The film shows Ferrell doing just that in his second season and it is leading to great success.
Pro Football Focus, which gave the No 4 overall pick in 2019 mixed reviews in his rookie season, indicates Ferrell has taken a big step forward in his second year.
He ranked as the No. 12 edge rusher in the league through five games and received an 86.7 grade in the upset win over the Chiefs, good for third-best in the league among edge defenders in Week 5.
All of the accolades despite not posting eye-opening stats.

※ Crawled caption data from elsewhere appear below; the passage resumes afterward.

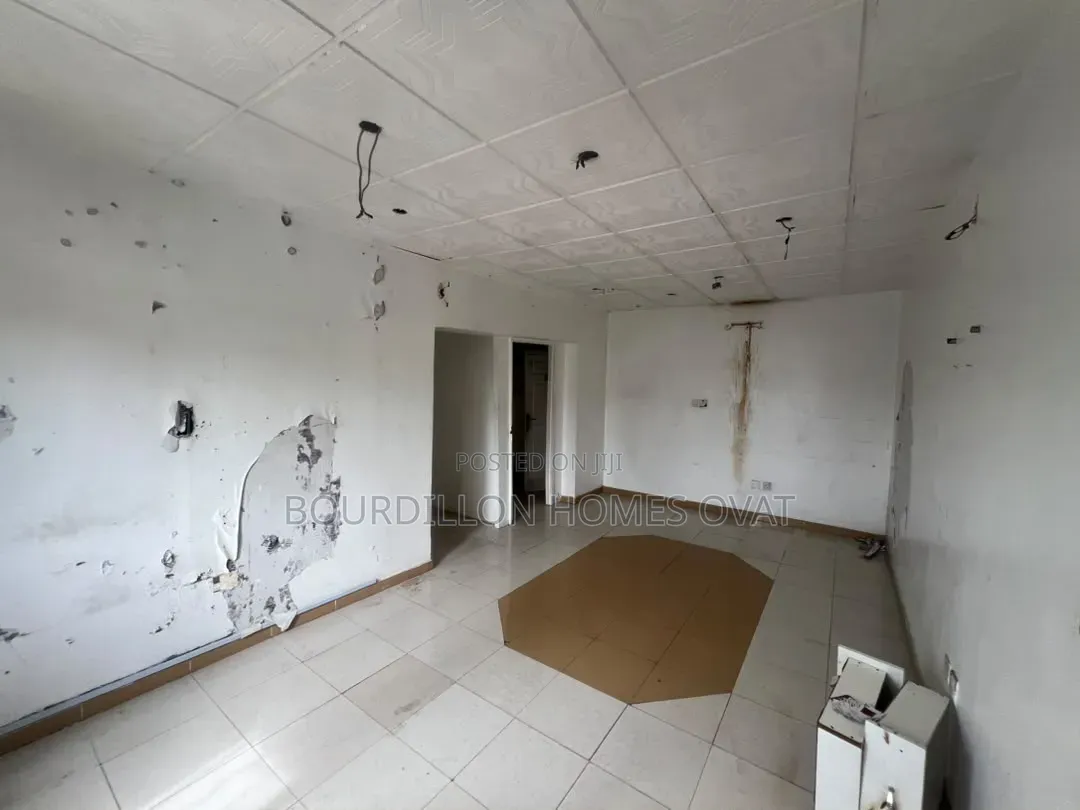 4bdrm Duplex in Lekki Phase 1 for rent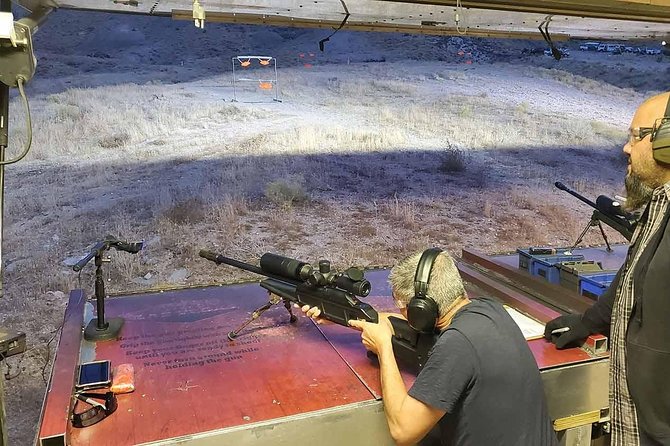 Ultimate Outdoor Shooting Experience in Las Vegas - Choosing between three and 21 guns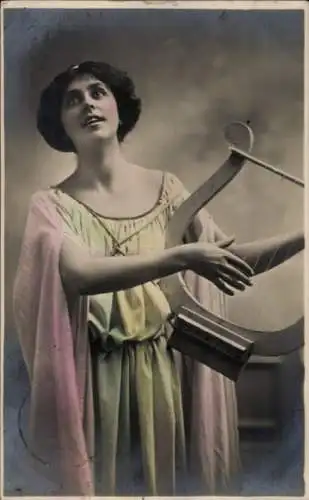 Ak Horgen Kanton Zürich, Eine junge Frau in einem langen Kleid spielt Harfe.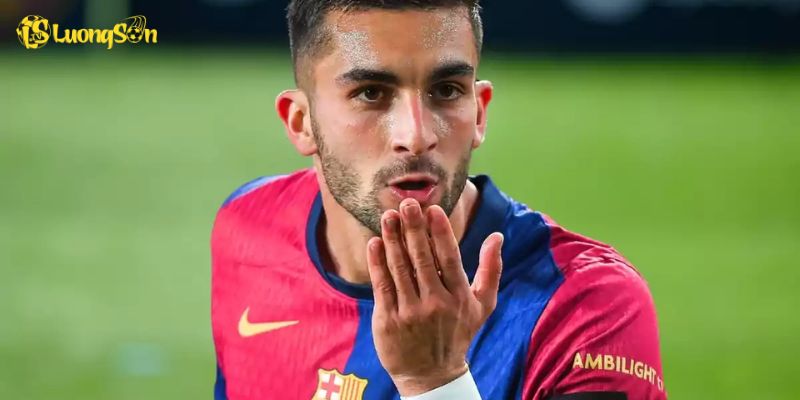 Ferran Torres: Thẻ Vàng Ở El Clásico Và Tin Gia Hạn Hợp Đồng 2025 4 Ferran Torres: Thẻ Vàng Ở El Clásico Và Tin Gia Hạn Hợp Đồng 2025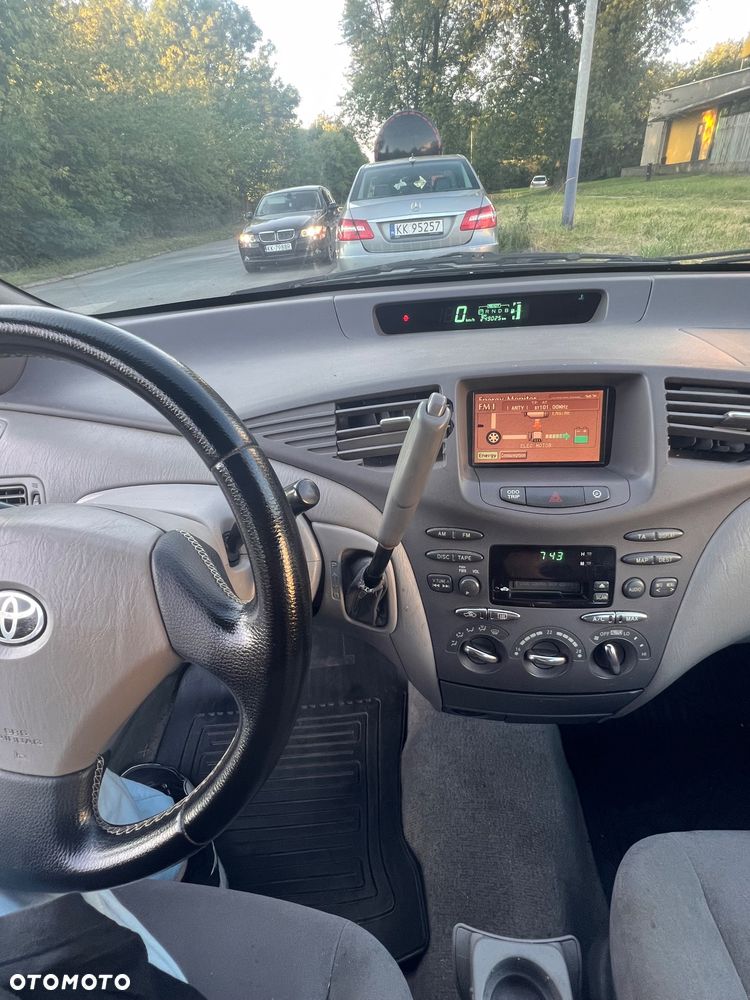 Toyota Prius - 10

He has nine pressures, but hasn’t recorded a sack or a tackle-for-loss. Ferrell does have eight solo tackles, though his value has truly shown up in the havoc he wreaks on the line of scrimmage. That has particularly been the case against the run.
“I think he’s getting better every week,” defensive coordinator Paul Guenther said Thursday. “He pushes the pocket and he’s really good in the run game. Everybody looks at sack numbers, but when you’re pushing the pocket and making the ball come out sooner than it should, it helps everything else out.
“I think he’s only going to continue to get better because he works his tail off every single day. I’d love to have a hundred guys like him.”
Ferrell views himself as just another member of the defensive line, even while the hype around his play grows..
Next up is an opportunity to keep it going against the Buccaneers and legendary quarterback Tom Brady, who Ferrell admits to admiring as a kid.
“You see all the different things people are saying, but you can’t really pay attention,” Ferrell said of the recent praise he’s received. “At the end of the day, I’m more worried about our group. … Being a leader, you feel like you have to continue to put pressure on the quarterback because that’s what it’s about. Sacks, pressure and hits. We have a good opportunity to do that Sunday against arguably the greatest football player ever. ”
Rookie wide receiver Bryan Edwards once again missed practice on Thursday with foot and ankle injuries, headlining the list of non-COVID absences.
Cornerback Keisean Nixon missed practice again with a groin injury.
Defensive tackle Maliek Collins was limited for the second consecutive game with a shoulder injury.
Wide receiver Rico Gafford (hamstring), offensive tackle Sam Young (knee) and linebacker Nick Kwiatkoski (pectoral) practiced in full for a second straight day.
Cornerback Lamarcus Joyner (hamstring) and defensive end Carl Nassib (toe) were both limited on Wednesday and Thursday.